Common is often synonymous with unthinking. Understandably so when you look at the most vocal proponents of the status quo; the [hated] Daily Mail and it's readers is an example which rushed to the forefront of my mind. One also cannot neglect to mention the culture of the 'lad' and the associated press of lads' mags, the page three girl and football related sponsorship and advertising. In short, we glance at a culture which evolves without moving forward and grows via the insidious ooze of repetition and we feel we know it, absolutely. The moment we see the dragon for what it is, we believe we have seen the route to slaying it; produce a counter-culture founded on the same principles of social interaction and familial structures but subvert each of these on the individual and group level. In short, we try to queer it.

The logic behind this seems sound at first glance: why are heteronormative relationships and gender roles so common? Because the model of heteronormative relationships and gender are baked right into our culture and society, they are numerous, they are supported by every fibre of society. One of the most common, if not the most common narratives in our culture is boy meets girl. Boy meets girl. Not boy meets boy, not girl meets girl, not boy meets girl and they then meet another girl. Not any other permutation.

The effect of this narrative on the individual level is shocking when you pause and look at your own life. At the moments of uncertainty, the moments when you feel like a social retard and cling onto whatever model of social interaction you can find, you will most likely find that model is a heteronormative one. Years and years of repetition mean that heteronormativity is not just common, it just *is*. We do it because....because we do it. Heteronormativity is self legitimating; if we follow those rules things will work out. Recently, when I found myself single and entering intimate relationships with men for the first time in 6 years I reverted to what I knew; there exists, in my head and I'm sure yours, a complex list of dos and donts for interactions with the opposite sex. We may reject them, we may belittle and ridicule them, but we can all identify and perhaps describe some cardinal rules for romantic interaction. They are there, baked right in.

So, the little voice of dissent suggests, reject them! Turn them on their head. Ignore that prudish voice which tells you girls should be girly, shouldn't be assertive, shouldn't....do. But where does that leave us? Rejecting heteronormativity surely only achieves one thing: we aren't being heteronormative. But the relationship to heteronormative remains a dichotomous one: we either do, or we don't. Furthermore, by prescribing that gender roles should be delineated, as the front line of queering culture often does, we run into language which starts boxing people up again - yes there are now more than two boxes, but are the boxes still there?
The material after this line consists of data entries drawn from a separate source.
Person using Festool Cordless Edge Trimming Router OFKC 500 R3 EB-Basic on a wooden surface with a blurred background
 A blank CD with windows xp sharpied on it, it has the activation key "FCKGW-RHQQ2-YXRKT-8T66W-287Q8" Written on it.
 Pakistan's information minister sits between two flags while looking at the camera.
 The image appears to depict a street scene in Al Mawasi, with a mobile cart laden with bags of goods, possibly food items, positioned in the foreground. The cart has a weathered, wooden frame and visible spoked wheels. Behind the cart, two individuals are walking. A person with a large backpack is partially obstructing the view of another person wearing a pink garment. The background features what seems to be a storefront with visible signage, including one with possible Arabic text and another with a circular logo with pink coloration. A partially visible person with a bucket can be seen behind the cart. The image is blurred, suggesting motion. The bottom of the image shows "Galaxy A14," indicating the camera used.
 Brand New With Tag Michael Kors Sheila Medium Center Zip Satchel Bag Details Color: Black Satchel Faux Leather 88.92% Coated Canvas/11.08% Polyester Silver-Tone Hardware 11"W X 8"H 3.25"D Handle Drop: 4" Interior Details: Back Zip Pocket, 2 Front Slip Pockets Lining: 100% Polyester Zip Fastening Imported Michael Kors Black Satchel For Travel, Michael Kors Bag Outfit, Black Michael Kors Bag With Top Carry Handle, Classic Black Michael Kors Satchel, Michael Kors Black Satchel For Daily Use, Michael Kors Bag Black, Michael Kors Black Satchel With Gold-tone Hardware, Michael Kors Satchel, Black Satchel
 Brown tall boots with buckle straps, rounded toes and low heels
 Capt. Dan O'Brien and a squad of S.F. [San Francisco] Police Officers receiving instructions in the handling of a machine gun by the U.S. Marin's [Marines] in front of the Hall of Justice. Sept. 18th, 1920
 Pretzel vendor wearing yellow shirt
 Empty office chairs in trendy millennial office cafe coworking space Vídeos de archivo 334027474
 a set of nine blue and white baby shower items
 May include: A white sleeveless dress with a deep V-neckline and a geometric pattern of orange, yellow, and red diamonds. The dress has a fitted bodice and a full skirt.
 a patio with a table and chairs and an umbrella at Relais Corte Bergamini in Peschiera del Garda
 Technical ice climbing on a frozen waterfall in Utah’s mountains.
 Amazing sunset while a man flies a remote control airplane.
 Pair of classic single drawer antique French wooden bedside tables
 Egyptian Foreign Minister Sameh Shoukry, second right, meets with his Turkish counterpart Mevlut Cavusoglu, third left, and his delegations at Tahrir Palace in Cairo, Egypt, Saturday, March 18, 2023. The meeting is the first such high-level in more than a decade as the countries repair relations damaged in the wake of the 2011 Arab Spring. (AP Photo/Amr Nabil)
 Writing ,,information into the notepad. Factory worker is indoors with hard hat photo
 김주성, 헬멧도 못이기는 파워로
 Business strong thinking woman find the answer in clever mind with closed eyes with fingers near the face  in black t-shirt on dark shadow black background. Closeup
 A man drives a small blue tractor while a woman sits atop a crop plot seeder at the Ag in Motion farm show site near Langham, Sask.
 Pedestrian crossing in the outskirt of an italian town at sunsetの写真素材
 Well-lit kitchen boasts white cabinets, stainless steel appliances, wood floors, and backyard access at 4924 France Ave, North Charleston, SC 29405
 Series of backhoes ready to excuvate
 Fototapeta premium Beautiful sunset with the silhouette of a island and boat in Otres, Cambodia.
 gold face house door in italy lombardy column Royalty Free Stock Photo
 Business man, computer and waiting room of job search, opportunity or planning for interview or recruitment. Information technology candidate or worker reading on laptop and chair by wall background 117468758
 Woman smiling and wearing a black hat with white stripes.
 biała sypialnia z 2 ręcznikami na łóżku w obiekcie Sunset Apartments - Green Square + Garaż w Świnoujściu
It's hard to fight against a system unless you propose an alternative, it's easy to get people on side when you show them an alternative which is clearly expressed; "don't expect everyone to fit into a girl/boy binary! Let people choose their own gender identity, like bigender, or intersex, or trans, or cis, or fluid!" People can understand that, we're presenting our argument in an contained and quantifiable manner. It seems to be a step in the right direction to say "don't say two genders, say many! And here are some examples" but are we in fact aiming for the middle ground before we've tried to achieve the ideal?

To me, the place we should be going, the place where heteronormativity does not exert influence is comparable to anarchy. To present queer family models as an antidote to heteronormative family models is still to present a model. Whilst making our campaign intelligible to those we are attempting to liberate is important, we need a clearer sense of purpose. Why aim to remove heteronormative models of being only to replace them with more delineated, but still fairly concrete ones?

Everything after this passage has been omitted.